**Records provided:**
*****

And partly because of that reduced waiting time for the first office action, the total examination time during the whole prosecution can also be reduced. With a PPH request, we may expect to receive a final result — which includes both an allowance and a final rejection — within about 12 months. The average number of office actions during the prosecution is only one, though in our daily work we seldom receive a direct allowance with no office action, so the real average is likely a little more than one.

*****

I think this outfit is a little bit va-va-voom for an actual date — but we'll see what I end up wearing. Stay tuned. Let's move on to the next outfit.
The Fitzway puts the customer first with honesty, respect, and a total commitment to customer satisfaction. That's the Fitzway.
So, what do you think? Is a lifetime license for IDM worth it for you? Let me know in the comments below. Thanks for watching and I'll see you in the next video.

*****

**Task description:** From the entries above, write out only the lines starting at the line that holds "The Fitzway puts" and ending at the line that holds "So, what do", keeping both and matching them exactly.

**Solution:**
The Fitzway puts the customer first with honesty, respect, and a total commitment to customer satisfaction. That's the Fitzway.
So, what do you think? Is a lifetime license for IDM worth it for you? Let me know in the comments below. Thanks for watching and I'll see you in the next video.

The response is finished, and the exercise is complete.